*** Opening Extracted material ***

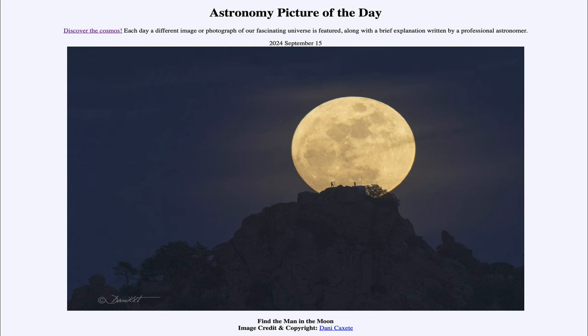Greetings and welcome to the Astronomy Picture of the Day podcast. Today's picture for September 15th of 2024 is titled Find the Man in the Moon.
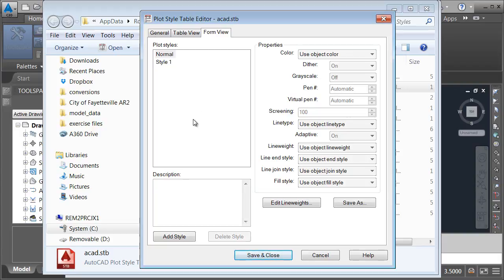Using these two options you can match or expand upon virtually any set of CAD standards.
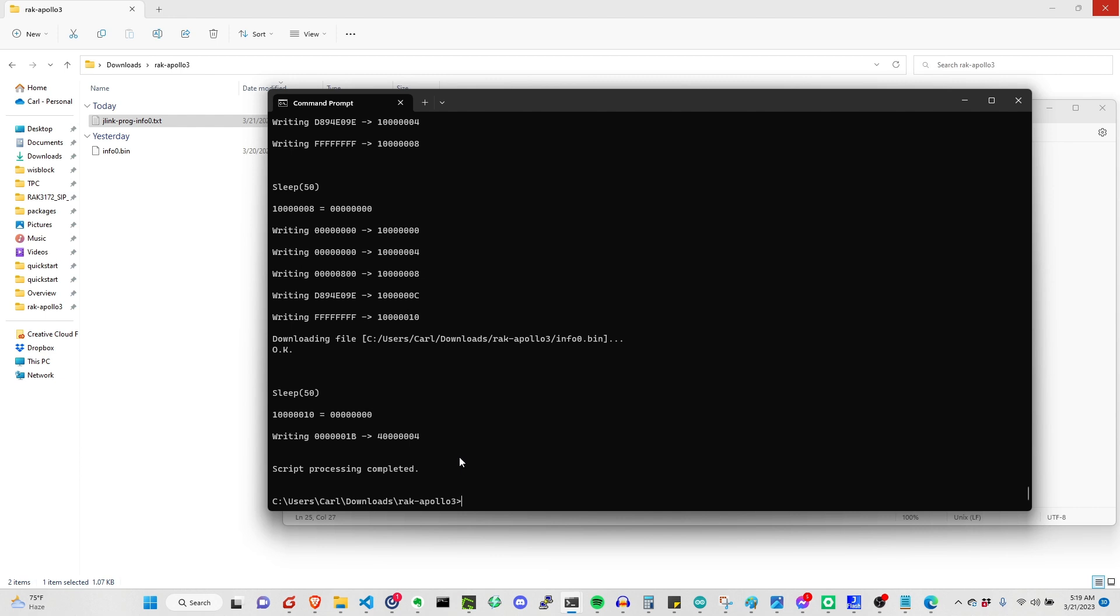As long as you follow those instructions, there will be no problems. One problem that you might encounter is that the jlink is not executable or it's not in the environmental path.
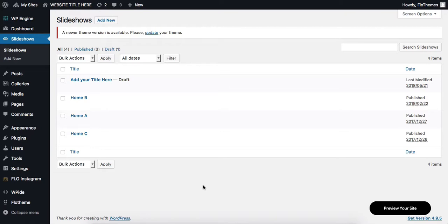Hi there, let's talk about creating slideshows. First, what you need to do is head over to the top left corner, find the Slideshows area, and click Add New.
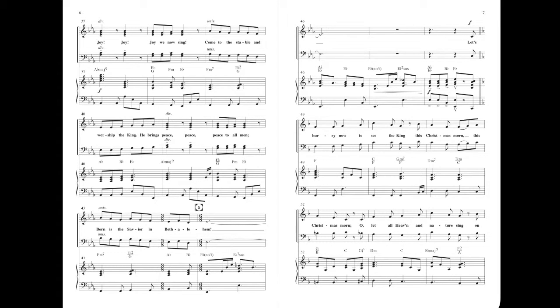Joy, joy, joy, joy, joy, joy, we now sing. Come to the stable and worship the king. He brings peace, peace, peace, peace to our land. Born is the Savior in Bethlehem.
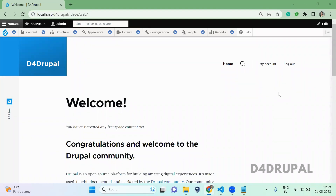Hello everyone. Welcome to B4 Drupal channel. Today we are going to see how to create your own custom event in your custom module. We all know how to subscribe to an event which is already in core or in a contrib module. So now we are going to see how to create your own custom event.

*** Closing Extracted material ***

All lines from the one holding "As long as you" to the end of the listing above need to be duplicated exactly. None of the pictures should be included.

As long as you follow those instructions, there will be no problems. One problem that you might encounter is that the jlink is not executable or it's not in the environmental path.
Hi there, let's talk about creating slideshows. First, what you need to do is head over to the top left corner, find the Slideshows area, and click Add New.
Joy, joy, joy, joy, joy, joy, we now sing. Come to the stable and worship the king. He brings peace, peace, peace, peace to our land. Born is the Savior in Bethlehem.
Hello everyone. Welcome to B4 Drupal channel. Today we are going to see how to create your own custom event in your custom module. We all know how to subscribe to an event which is already in core or in a contrib module. So now we are going to see how to create your own custom event.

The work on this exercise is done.